Friday, 22 December 2017

ECONOMY AFFAIRS DECEMBER 2013

ECONOMY AFFAIRS DECEMBER 2013
  • As part of a CSR initiative, energy major Oil India has decided to step into dairy sector and has signed an agreement with Institute of Rural Management, Anand (IRMA) to carry out a feasibility study. According to company sources, a detailed project report (DPR) will be prepared after the study in two districts of Assam where Oil India Ltd (OIL) has significant presence. "It is going to be significant CSR initiative of the company. This project is aimed at filling the gap in milk production in North East and giving employment opportunity to the youths of Assam," a source said on 28 December. The state-run OIL has signed an MoU with IRMA in Gujarat around 10 days ago for the study that will cover select villages in Dibrugarh and Tinsukia districts of the state. The project is planned to be developed on the lines of the 'Amul' model. The study funded by OIL will focus on the prospects of developing a cooperative dairy project in Assam. The feasibility study will focus on quantitative, qualitative and participatory methods of enquiry where secondary data will be collected from various sources, helping the company to identify dairying as an alternative source of livelihood, he added. Earlier in July this year, OIL Chairman and MD Sunil Kumar Srivastava had said the company plans to tie up with the Assam government to start a cooperative dairy business in the lines of Gujarat's successful 'Amul' model. The project named 'Kamdhenu' envisaged setting up a milk production facility in Upper Assam to establish the dairy business in 3 to 5 years, he had said.
  • A three-way joint venture between Steel Authority of India (SAIL), Rashtriya Ispat Nigam Ltd. (RINL) and MOIL (formerly known as Manganese Ore India Ltd.) to produce ferro alloys is on the cards with the earlier two separately proposed between SAIL-MOIL and MOIL-RINL having virtually been scrapped. MOIL had inked two separate joint venture pacts with SAIL and RINL to set up two ferro alloy plants with a total outlay of Rs.600 crore. Ferro alloys are used in steel-making for de-oxidising purposes. The Rs.400-crore joint venture between SAIL and MOIL was proposed to be set up in Chhattisgarh with an annual capacity of one lakh tonne per annum. The Rs.200 crore venture between RINL-MOIL in Andhra Pradesh was supposed to manufacture 50,000 tonnes of ferro alloys a year. While power shortage was the primary reason for scrapping the RINL-MOIL joint venture; till recently SAIL was maintaining that the proposed venture with MOIL was not yet scrapped. Meanwhile, a committee has been set up comprising members from all the three state-run firms under the Steel Ministry to work on the shareholding pattern, proposed capacity and likely investment for the three-way venture, a top management in one of the three firms said.
  • The Union Cabinet on 19th December approved the stand taken by India at the Ninth Ministerial Conference of the WTO held in Bali, Indonesia during 3-7 December 2013.

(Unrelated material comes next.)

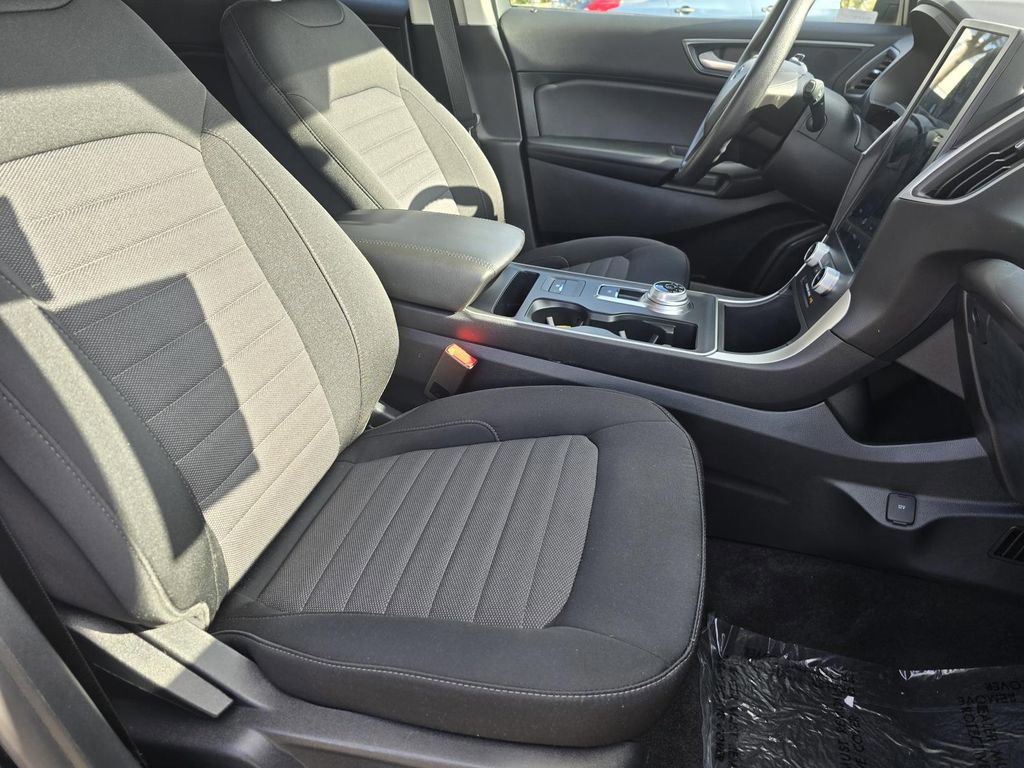 Certified 2024 Ford Edge SE w/ Black Appearance Package image 27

    The two key issues for the Ninth Ministerial Conference of the WTO were Trade Facilitation and a proposal on Food Security. While the accumulation and holding of public stocks for food security purposes is classified as non trade-distorting, procurement at administered prices (Minimum Support Prices in India) is considered to be implicitly trade distorting and is, therefore, subject to a limit under WTO rules. Since the limit can be a constraint on the procurement operations of developing countries, India, along with other developing countries submitted a proposal in the WTO for a suitable amendment in the rules to address this issue. During the conference, ministers agreed on a decision that provides for an interim period of protection to public stockholding programmes for food security purposes of developing country members from being challenged in the WTO, on the grounds of exceeding the support which they are entitled to provide. It further provides that members must agree on a permanent solution on this issue for adoption by the 11th Ministerial Conference of the WTO.

    This Decision ensures that trade rules in respect of agriculture do not come in the way of initiatives aimed at self-sufficiency in food and stabilization of domestic prices. As a result of the decision, procurement operations of developing countries will not be constrained by their existing farm support limits. Developing countries will be able to run food security programmes for their under-nourished and hungry populations without the fear of violating WTO rules under the Agreement on Agriculture. Prior to the Bali Ministerial Conference, the Cabinet had provided directions to the Commerce and Industry Minister on the stand to be taken by India. Acting on these directions, India took the position from the beginning that food security was non-negotiable and maintained its position that until a permanent solution to the issue was found, the interim mechanism must not be terminated. As a result of its unwavering stand and the support it was able to muster, India succeeded in getting the text on Food Security appropriately amended.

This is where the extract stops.